FRENO A LAS SACAS Y LOS PASEOS

Melchor Rodríguez es calificado por Domingo como un anarquista humanitario. “Siempre hablamos de gente que mata y muere y no de personajes históricos que en medio de la guerra salvan vidas, sea cual sea su ideología”, destaca el periodista para Andaluces Diario. En el Madrid republicano, asediado por la guerra, este exnovillero y anarquista de la CNT-FAI salvó a miles de personas de derechas. Domingo apunta que incluso “cuando Melchor fue nombrado Delegado Especial de Prisiones a finales del 36 detuvo las sacas de las cárceles madrileñas y los paseos”, jugándose en numerosas ocasiones la vida, como ocurrió frente a una turba en la prisión de Alcalá de Henares. Este gesto le permitió salvar a 1.532 presos, entre los que se encontraban importantes personalidades del futuro régimen franquista como era el caso de Muñoz Grandes, Martín Artajo o Sánchez Mazas.

La dimensión humana del ‘Ángel rojo’ era de tal calibre que en medio la guerra refugió en su casa a más de un centenar de personas perseguidas durante la República. Domingo recuerda cómo Melchor extendía “avales, salvoconductos y documentos que servían a personas y personalidades de distinta condición social para que pudieran salvar su vida y enseres”, rescatando a muchos de ellos de una muerte segura y ayudándolos en su salida al extranjero.

CINCO AÑOS DE PRISIÓN

A pesar de su intensa labor de salvamento, los golpistas no permitieron a su llegada a Madrid en abril del 1939 que aquel rojo “tan bueno” se salvara de la represión. Amapola Rodríguez, hija de Melchor, relata el profundo llanto de su padre y ella a pesar de que él les insistía que no iba a pasar nada. “Tenía mucho miedo y mi padre me decía: ‘niña, están entrando pero no va a pasar nada’, aunque lloramos mucho por no saber qué podía pasar”. Un tribunal militar lo condenaría a pena de muerte en mayo de 1940 con un juicio montado de testigos falsos. Gracias a la intervención de algunas personalidades del régimen, la pena le fue conmutada a veinte años de cárcel, cumpliendo cinco años en el antiguo penal del Puerto de Santa María (Cádiz).

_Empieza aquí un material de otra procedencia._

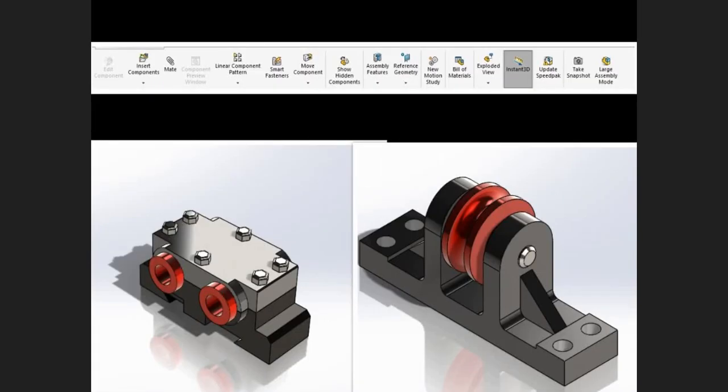In an assembly, we apply similar relations to those we apply when creating sketches; however, we call these relations mates. Just as sketch relations define conditions such as tangency, parallelism, and concentricity with respect to sketch geometry, assembly mates define equivalent relations with respect to individual parts or components. In the assembly lessons, we will cover all the standard mates along with intermediate assembly techniques.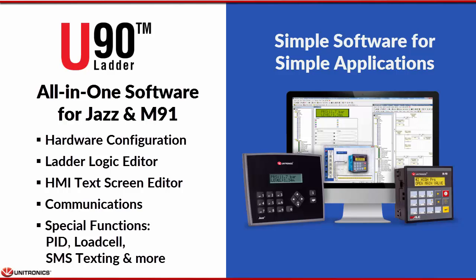Hi! Unitronics welcomes you to this short overview of U90 Ladder, the all-in-one software for M91 and JAZZ controllers.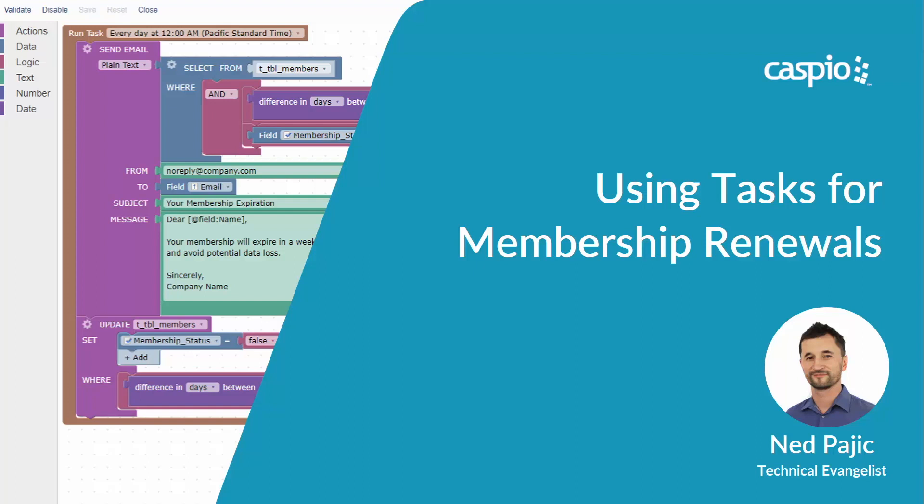Hi and welcome back. In this video we're going to learn how to create a simple workflow using the tasks feature to force users to take action before their annual membership expires. Let's have a look.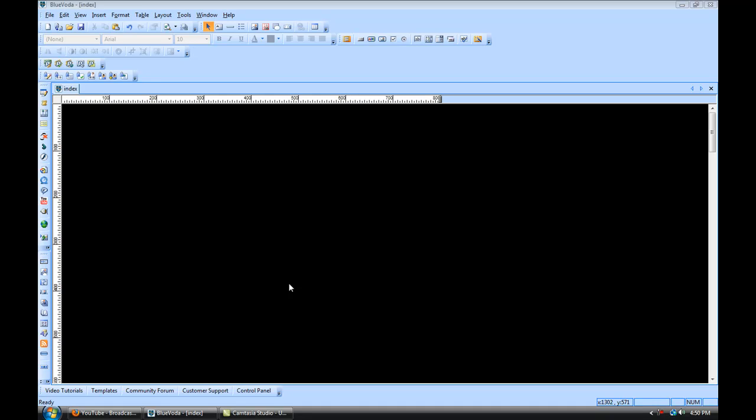Hi, welcome back. In this video, we're going to walk through how to build the outline for your home page. So I have that file open that we called Index, which is our home page, and we want to create an outline.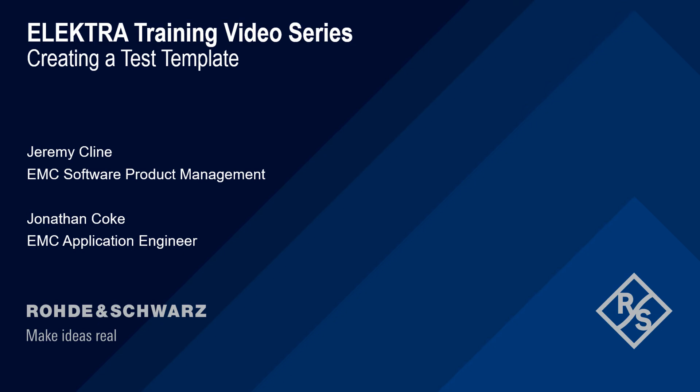Hello, and welcome to the Electrib training video series. This video will cover an overview of how to create and configure a test template.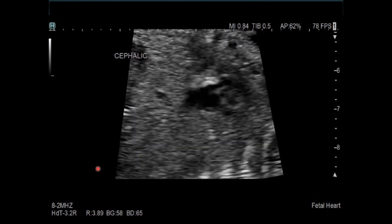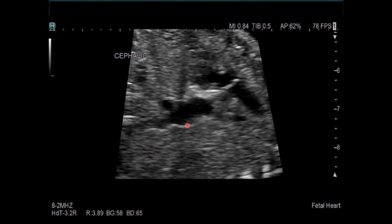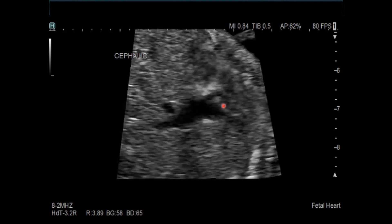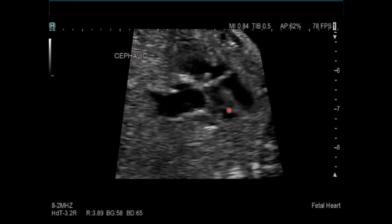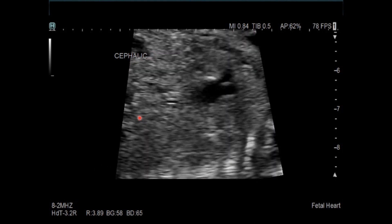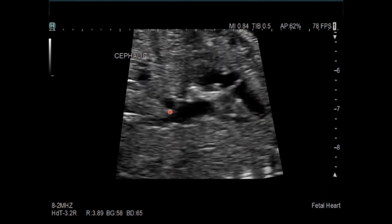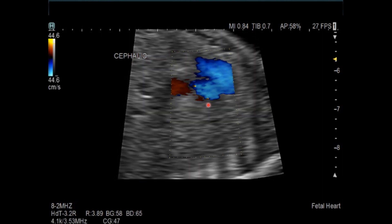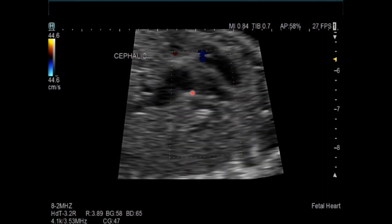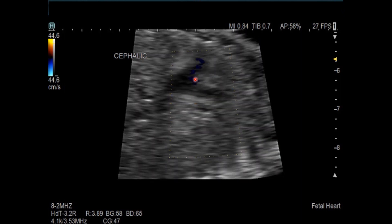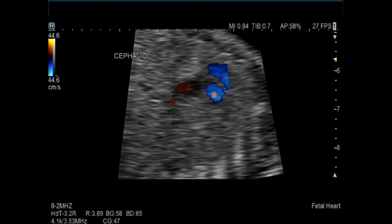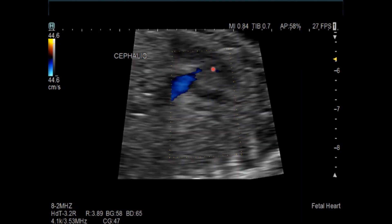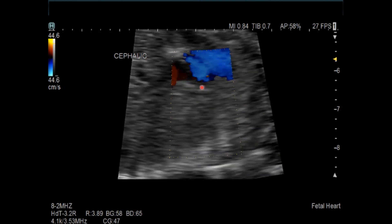Here is the bicaval view. There is the ascending aorta, the SVC, and part of the IVC. With color Doppler, you can see the SVC, the pulmonary artery, the left pulmonary artery, and the ascending aorta.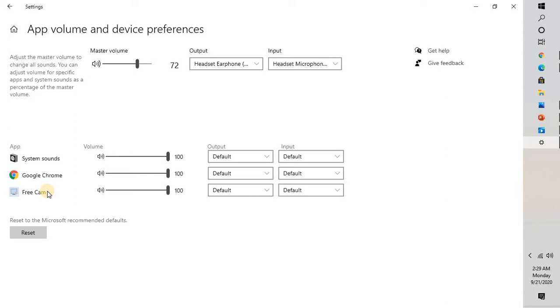For example, if you're using Amazon Music or Spotify, you can open the app and then go to the settings, and it should show up here. Now here you can change the output and also the input.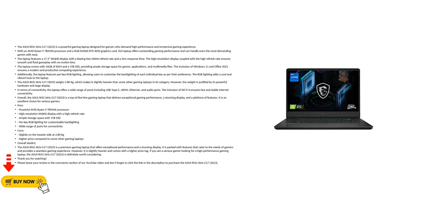The laptop comes with 16GB of RAM and a 1TB SSD, providing ample storage space for games, applications, and multimedia files. The inclusion of Windows 11 and Office 2021 ensures a modern and productive computing experience.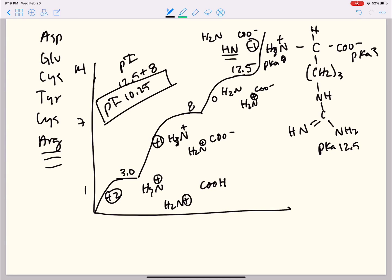When you are trying to work through these problems quickly, writing it in shorthand — with just the parts of the amino acid that protonate and deprotonate — can be really useful. However, if your professor really wants you to write everything out, make sure that you have those amino acids memorized. And that's all that I have today for isoelectric point and titration curves.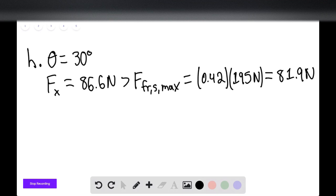For Part I, theta equals 60 degrees. The x component of 50 newtons is less than the maximum static friction of 0.42 times 158 newtons, which equals 66.4 newtons. Since 66.4 newtons is larger than 50 newtons, the crate remains at rest. Therefore, Part H with an angle of 30 degrees is the only case where the crate will slide. That is the end of the solution.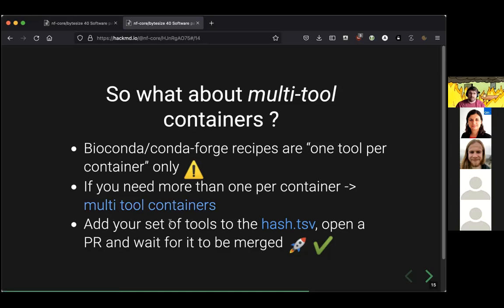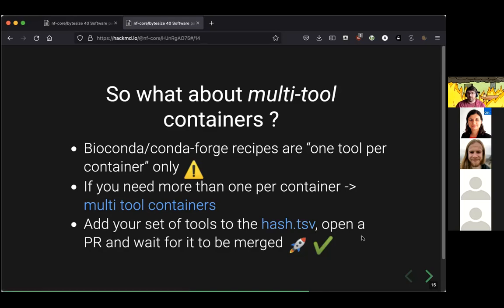This is always a one-tool-per-container relationship. If you download the SAMTools container from BioContainers, you only have SAMTools inside. If you want to combine, for example, BWA and SAMTools to pipe output directly, you need to create a multi-tool container. This can be done using the multi-tool container service by the BioContainers community — you add the tool versions to a hash file, open a pull request, and after merging, you have the combined container available in a couple of hours.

Tras su salida de prisión, Melchor pudo ocupar puestos de responsabilidad dentro del aparato del nuevo régimen. Sin embargo, elegiría una vida discreta como vendedor de seguros y militante en la clandestinidad de la CNT durante toda la dictadura.

Su entierro, en febrero de 1972, ha sido recordado por personalidades de ambos bandos. Enterrado con la bandera roja y negra de la CNT y entonando el himno de los suyos, también recibió el último adiós de amigos como el franquista Martín Artajo que rezarían en su entierro un padrenuestro como muestra de dolor por un amigo que había salvado la vida de tantos sin entender de banderas. Y es que tal y como rezaba una de sus frases más escuchadas, Melchor afirmaba que “se puede morir por las ideas pero nunca matar por ellas”.